## PROBLEM TO WORK ON
In the records below, find the line that contains "All the tasks" and the line that contains "The brain is inside"; write out exactly those two lines and everything between them, without the pictures.
——
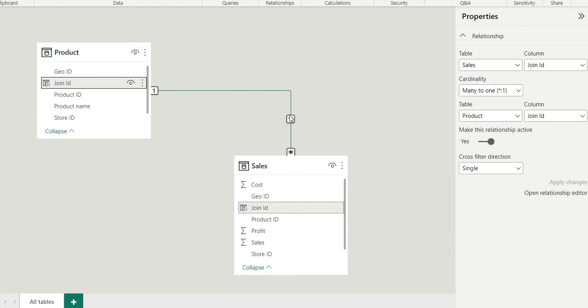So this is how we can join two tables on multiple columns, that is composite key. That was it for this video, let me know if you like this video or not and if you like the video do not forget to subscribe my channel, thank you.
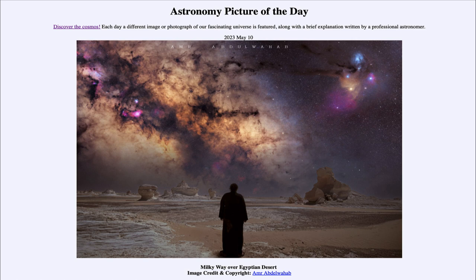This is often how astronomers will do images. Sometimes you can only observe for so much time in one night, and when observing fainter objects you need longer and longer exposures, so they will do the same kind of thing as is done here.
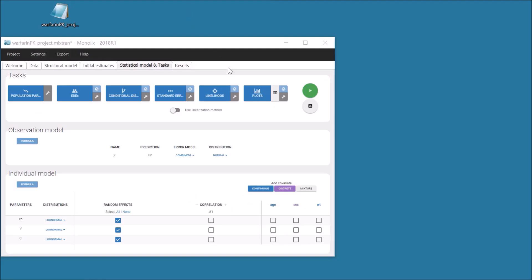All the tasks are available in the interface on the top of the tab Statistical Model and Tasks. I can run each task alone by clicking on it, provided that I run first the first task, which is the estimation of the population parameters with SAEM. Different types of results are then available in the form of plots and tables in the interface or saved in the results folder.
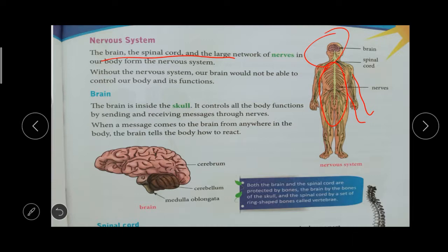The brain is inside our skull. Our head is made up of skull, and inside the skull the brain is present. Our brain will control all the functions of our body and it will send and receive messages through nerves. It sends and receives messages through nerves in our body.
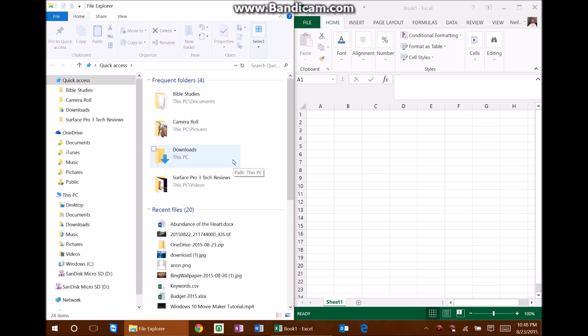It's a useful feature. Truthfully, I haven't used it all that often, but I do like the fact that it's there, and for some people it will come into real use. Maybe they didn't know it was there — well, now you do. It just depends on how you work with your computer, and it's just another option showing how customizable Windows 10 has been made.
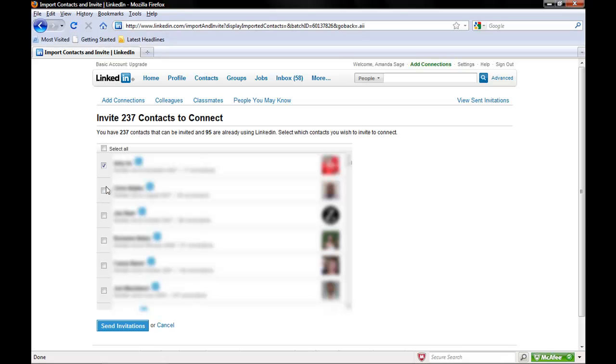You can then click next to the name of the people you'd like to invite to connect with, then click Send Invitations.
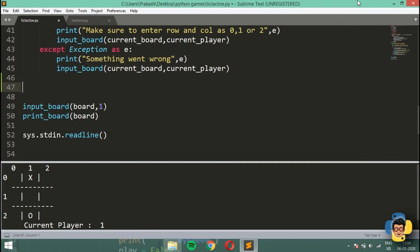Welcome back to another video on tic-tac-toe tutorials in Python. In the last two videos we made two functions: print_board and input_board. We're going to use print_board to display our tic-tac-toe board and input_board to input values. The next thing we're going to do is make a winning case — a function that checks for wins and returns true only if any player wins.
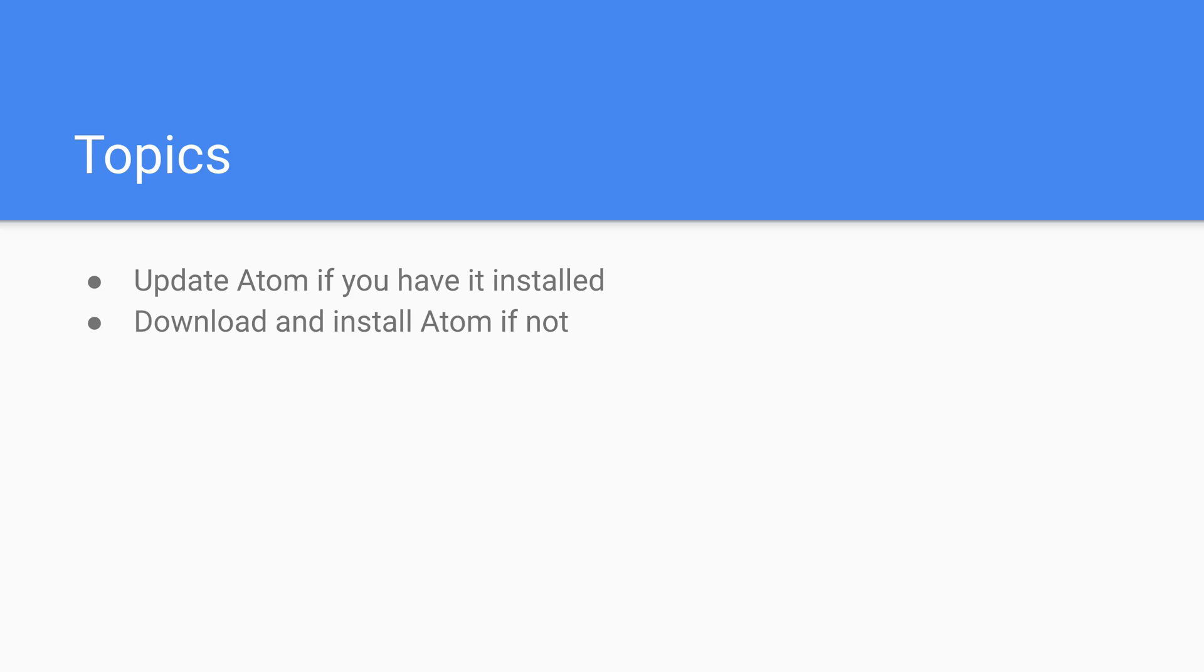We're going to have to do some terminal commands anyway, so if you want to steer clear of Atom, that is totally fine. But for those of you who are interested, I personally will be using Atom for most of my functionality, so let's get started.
——
## RESPONSE TO THE EXERCISE
All the tasks are available in the interface on the top of the tab Statistical Model and Tasks. I can run each task alone by clicking on it, provided that I run first the first task, which is the estimation of the population parameters with SAEM. Different types of results are then available in the form of plots and tables in the interface or saved in the results folder.
The brain is inside our skull. Our head is made up of skull, and inside the skull the brain is present. Our brain will control all the functions of our body and it will send and receive messages through nerves. It sends and receives messages through nerves in our body.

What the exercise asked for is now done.